• WHAT YOU WILL DO
Your task is to transcribe each record exactly and to omit every image.

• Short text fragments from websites

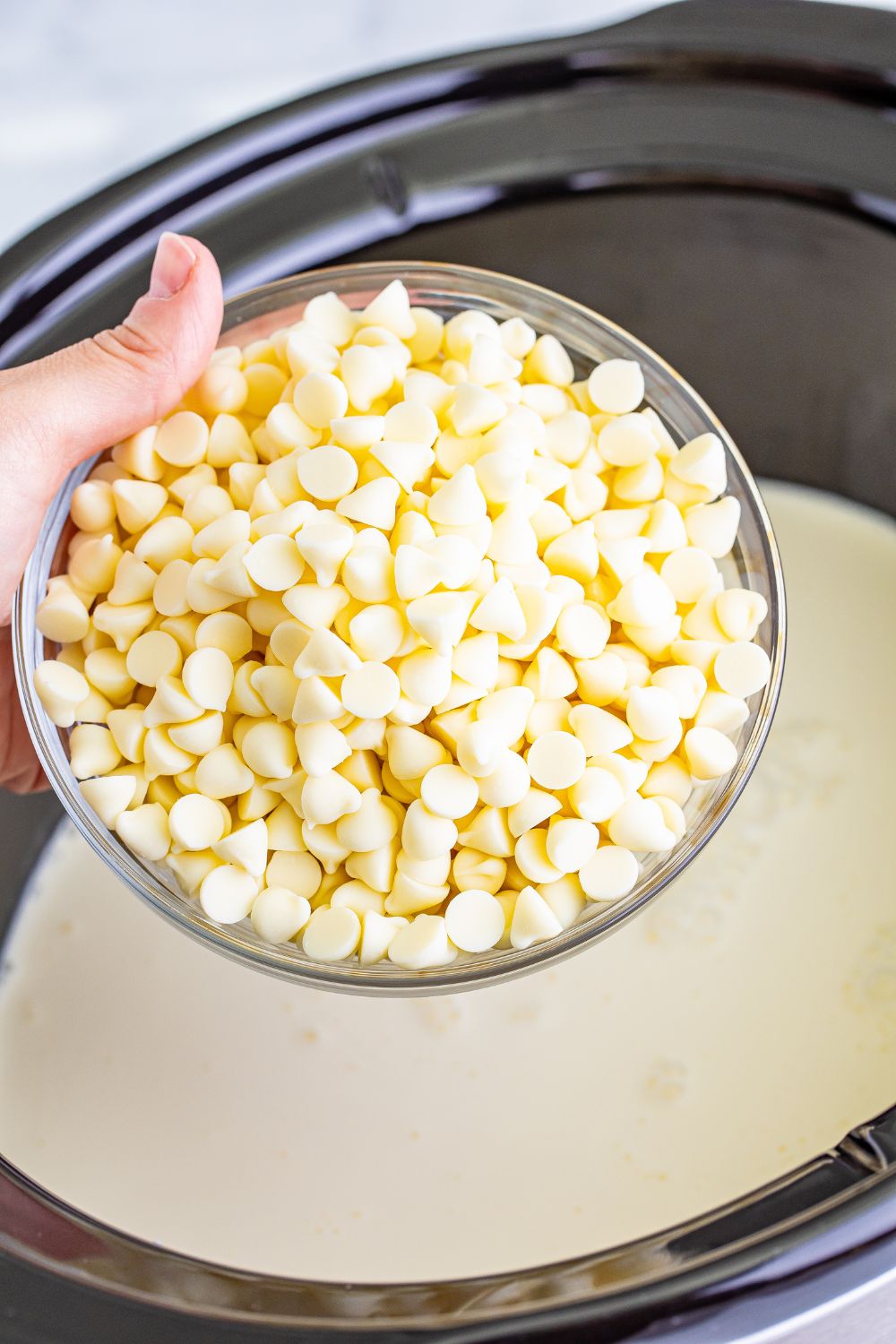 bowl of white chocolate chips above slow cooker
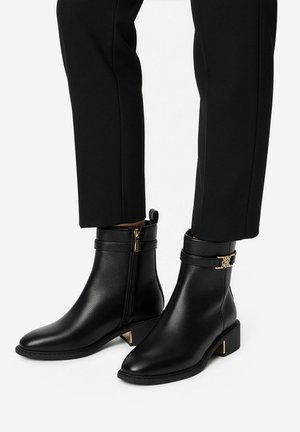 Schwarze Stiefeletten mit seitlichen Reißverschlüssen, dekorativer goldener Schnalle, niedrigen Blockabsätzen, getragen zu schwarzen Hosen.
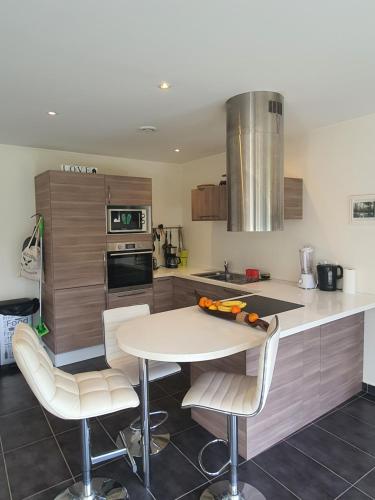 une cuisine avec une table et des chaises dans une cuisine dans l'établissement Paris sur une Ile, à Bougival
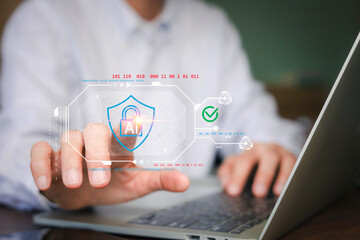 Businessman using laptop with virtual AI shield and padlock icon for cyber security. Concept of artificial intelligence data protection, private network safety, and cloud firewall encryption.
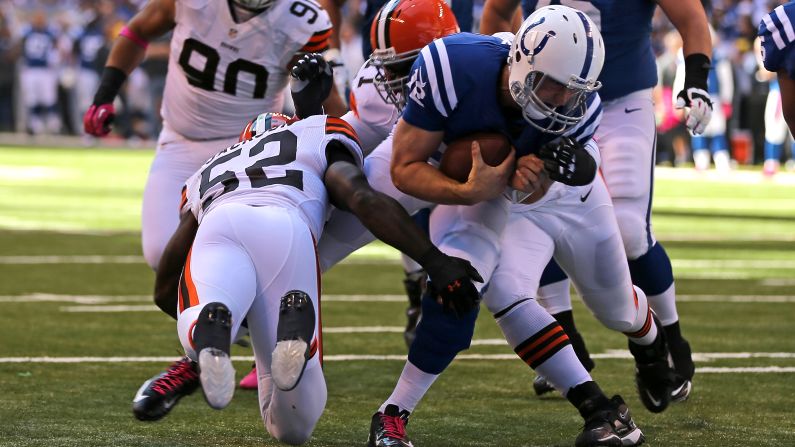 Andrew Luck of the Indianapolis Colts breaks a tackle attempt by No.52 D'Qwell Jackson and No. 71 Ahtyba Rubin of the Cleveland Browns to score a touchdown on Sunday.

• YOUR SOLUTION
 bowl of white chocolate chips above slow cooker
 Schwarze Stiefeletten mit seitlichen Reißverschlüssen, dekorativer goldener Schnalle, niedrigen Blockabsätzen, getragen zu schwarzen Hosen.
 une cuisine avec une table et des chaises dans une cuisine dans l'établissement Paris sur une Ile, à Bougival
 Businessman using laptop with virtual AI shield and padlock icon for cyber security. Concept of artificial intelligence data protection, private network safety, and cloud firewall encryption.
 Andrew Luck of the Indianapolis Colts breaks a tackle attempt by No.52 D'Qwell Jackson and No. 71 Ahtyba Rubin of the Cleveland Browns to score a touchdown on Sunday.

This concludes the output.